[hackers] [sbase][PATCH] tr: Allow combining classes and sets

From: Santtu Lakkala <inz_AT_inz.fi>
Date: Thu, 15 Jan 2026 11:11:20 +0200

Allow combining chracter classes and mixing with ranges and sets.
---
 TODO             |  5 ----
 tests/0026-tr.sh | 15 ++++++++++++
 tests/0027-tr.sh | 26 ++++++++++++++++++++
 tr.c             | 64 +++++++++++++++++++++++++++++++-----------------
 4 files changed, 82 insertions(+), 28 deletions(-)
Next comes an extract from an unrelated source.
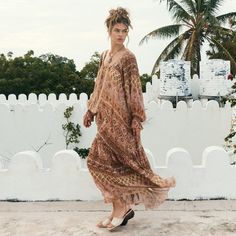 Lovers Beach Maxi Dress Flowy Brown Printed Maxi Dress, Brown Long Sleeve Boho Dress For The Beach, Long Sleeve Brown Boho Dress For The Beach, Fall Festival Brown Maxi Dress, Bohemian Beige Printed Maxi Dress, Bohemian Brown Boho Dress For Fall, Flowy Brown Boho Dress For The Beach, Bohemian Brown Printed Dresses, Beige Boho Dress For Fall Vacation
 create mode 100755 tests/0026-tr.sh
 create mode 100755 tests/0027-tr.sh
diff --git a/TODO b/TODO
index e428d84..4dcedcd 100644
--- a/TODO
+++ b/TODO
_AT_@ -40,11 +40,6 @@ printf
 * Escape sequences that expand to '%' are treated as beginning of
   conversion specification.
 
-tr
---
-* When a character class is present, all other characters in the
-  string are ignored.
-
 xargs
 -----
 * Add -L.
diff --git a/tests/0026-tr.sh b/tests/0026-tr.sh
new file mode 100755
index 0000000..243772d
--- /dev/null
+++ b/tests/0026-tr.sh
_AT_@ -0,0 +1,15 @@
+#!/bin/sh
+
+tmp=tmp.$$
+
+trap 'rm -f $tmp' EXIT
+trap 'exit $?' HUP INT TERM
+
+cat <<EOF > $tmp
+FOOBAR123LOREM_AT_IPSUM
+EOF
+
+($EXEC ../tr -cd '[:upper:][:digit:]_AT_' <<EOF; echo) | diff -u $tmp -
+Forem OOsBm __aor Ait amet, consectetuR ad1piscing elit. i2teger e\$#icit3r
+neLue eOet sRm acEumsan eM_AT_Ismod. aePean ac niSi eU erat gravida vulputateM
+EOF
diff --git a/tests/0027-tr.sh b/tests/0027-tr.sh
new file mode 100755
index 0000000..634c5c4
--- /dev/null
+++ b/tests/0027-tr.sh
_AT_@ -0,0 +1,26 @@
+#!/bin/sh
+
+tmp=tmp.$$
+
+trap 'rm -f $tmp' EXIT
+trap 'exit $?' HUP INT TERM
+
+cat <<EOF > $tmp
+STATIC INT RADIX = 16;
+STATIC INT PFLAG;
+STATIC INT AFLAG;
+STATIC INT VFLAG;
+STATIC INT GFLAG;
+STATIC INT UFLAG;
+STATIC INT ARFLAG;
+EOF
+
+$EXEC ../tr '[:lower:]' '[:upper:]' <<EOF | diff -u $tmp -
+static int radix = 16;
+static int Pflag;
+static int Aflag;
+static int vflag;
+static int gflag;
+static int uflag;
+static int arflag;
+EOF
diff --git a/tr.c b/tr.c
index b612896..8cac453 100644
--- a/tr.c
+++ b/tr.c
_AT_@ -32,12 +32,27 @@ static struct {
 	{ "xdigit", isxdigitrune },
 };
 
-static struct range *set1        = NULL;
-static size_t set1ranges         = 0;
-static int    (*set1check)(Rune) = NULL;
-static struct range *set2        = NULL;
-static size_t set2ranges         = 0;
-static int    (*set2check)(Rune) = NULL;
+#define ISLOWERBIT 		   1U << 6
+#define ISUPPERBIT 		   1U << 10
+
+static struct   range *set1 = NULL;
+static size_t   set1ranges  = 0;
+static unsigned set1checks  = 0;
+static struct   range *set2 = NULL;
+static size_t   set2ranges  = 0;
+static unsigned set2checks  = 0;
+
+static int
+check(Rune rune, unsigned checks)
+{
+	size_t i;
+
+	for (i = 0; checks && i < LEN(classes); i++, checks >>= 1)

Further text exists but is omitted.